El cuento que no vendrá (I)

Armando Romero

"yo creo que los cuentos que tú escribes necesitan que alguien se los cuente a la gente, ya nadie se preocupa por leer cosas difíciles". Abatido, y luego de una buena taza de café, sin tener ya muchos pasadizos para seguirme escapando dentro del laberinto, le dije, "Okey. Siéntate aquí, vas a oir cómo explico uno de mis cuentos"


A Jotamario, quien junto con Alfredo
Sánchez, publicó en "Esquirla" de
Cali, mi primer cuento. ¿Sería de
verdad un cuento?

Hace unos buenos años, en la Caracas todavía bullanguera de petróleo feliz y salsa fácil, viajé con un grupo de amigos hasta las estribaciones de Galipán, que es como se denomina la ladera norte del hermoso Monte Avila. Galipán, con su geografía azotada directamente por la sal y los reflejos del mar, es uno de esos sitios que todavía se salvan del deterioro de la zona central de Venezuela. Flores y plantas, pájaros y serpientes, hay para escoger en esta montaña que frente al mar es un espejo de contrastes.

Luego de caminar, explorar, mis amigos y yo nos sentamos a comer, beber y hablar de algo en el patio frontal de una casa de campo que pertenecía a uno del grupo. A cielo descubierto veíamos irse la tarde. Uno de mis amigos, gran conversador, había empezado, en esta luz descendiente, una historia que recordaba de su niñez en Inglaterra. Por en medio de sus palabras vimos desaparecer el sol cuello cortado en el mar a nuestros pies, y en seguida implantarse esa noche que sólo es noche en el trópico.
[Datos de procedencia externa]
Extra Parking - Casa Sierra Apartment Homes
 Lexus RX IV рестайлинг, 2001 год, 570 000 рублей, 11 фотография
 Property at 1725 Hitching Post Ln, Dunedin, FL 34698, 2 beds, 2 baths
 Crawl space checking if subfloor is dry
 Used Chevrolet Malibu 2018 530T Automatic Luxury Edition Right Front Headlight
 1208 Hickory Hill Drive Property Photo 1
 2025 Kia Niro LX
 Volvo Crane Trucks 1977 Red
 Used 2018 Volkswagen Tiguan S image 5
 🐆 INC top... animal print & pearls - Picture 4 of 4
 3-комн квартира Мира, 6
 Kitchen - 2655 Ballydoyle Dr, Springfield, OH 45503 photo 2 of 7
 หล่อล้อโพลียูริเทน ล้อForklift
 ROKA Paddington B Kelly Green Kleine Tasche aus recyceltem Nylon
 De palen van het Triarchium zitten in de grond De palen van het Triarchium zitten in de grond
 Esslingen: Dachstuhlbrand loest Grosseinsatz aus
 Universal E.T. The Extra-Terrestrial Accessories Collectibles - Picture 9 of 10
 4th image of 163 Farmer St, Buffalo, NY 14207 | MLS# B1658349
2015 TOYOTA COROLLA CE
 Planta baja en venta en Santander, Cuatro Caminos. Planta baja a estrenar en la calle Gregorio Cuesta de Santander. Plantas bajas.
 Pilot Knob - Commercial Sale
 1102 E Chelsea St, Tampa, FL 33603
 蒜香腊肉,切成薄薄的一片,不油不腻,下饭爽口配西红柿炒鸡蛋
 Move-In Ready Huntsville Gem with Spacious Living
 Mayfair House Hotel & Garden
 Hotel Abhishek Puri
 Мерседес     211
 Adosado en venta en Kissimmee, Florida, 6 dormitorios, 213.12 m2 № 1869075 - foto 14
Desafortunadamente he olvidado las intrincaciones de la historia de mi amigo, pero si recuerdo que era un relato que iba entre las infancias de los cuentos de William Saroyan y las lejanías de los de Ruyard Kipling. Sucedió, entonces, como les cuento, que en medio de su
historia apareció lo que de oscuro ustedes bien conocen como noche oscura, sin luna. Nadie se movió de su sitio, tal vez estáticos todos por ese viaje de lo claro a lo oscuro como por las entrañas de un artista barroco. Mi amigo, imperturbable, siguió hablando, contando, y de pronto, sin que mediara nada, sólo la completa oscuridad que nadie osaba destruir con un fósforo o una lámpara, sus palabras empezaron a desligarse, poco a poco, del tema que las acompañaba, del cuerpo que las emitía, los cuales estaban adheridos a ellas antes en la luz pero ya no en la sombra, desprendidas.

Sus
palabras, ya ahora sólo palabras, comenzaron a volar por encima de nuestras cabezas como aves en un sueño de Goya, desprovistas de significado, solo sonido y cuerpo, llenas de una vida otra que las dejaba libres sobre la página negra de la noche. Y allí estaba el cuento, contándose a sí mismo desde el principio al fin, configurándose en las miles de posibilidades combinatorias como algo que nos pertenecía desde siempre, que nunca nos había sido contado pero cuyo desarrollo y final no nos era desconocido: el cuento, que sabemos, viene de la noche, de lo oscuro.

Mi experiencia como narrador a rienda suelta me ha llevado al sitio desde donde se hace posible encontrar esas
palabras flotantes, hacerlas táctiles con la prolongación de mis sentidos, y dejarlas que poco a poco se ordenen en la historia que desde su propio azar quiere ser contada. Sé que el surrealismo a mis espaldas me presiona para que no construya con ellas un cuadro coherente, que las deje así, flotando como un sueño que es fragmento de los fragmentos de la sucesión de lo real. Pero nó. Esa búsqueda surreal no atiende enteramente a lo que quiere encontrar el escritor que en oficio y tarea hay dentro de mí.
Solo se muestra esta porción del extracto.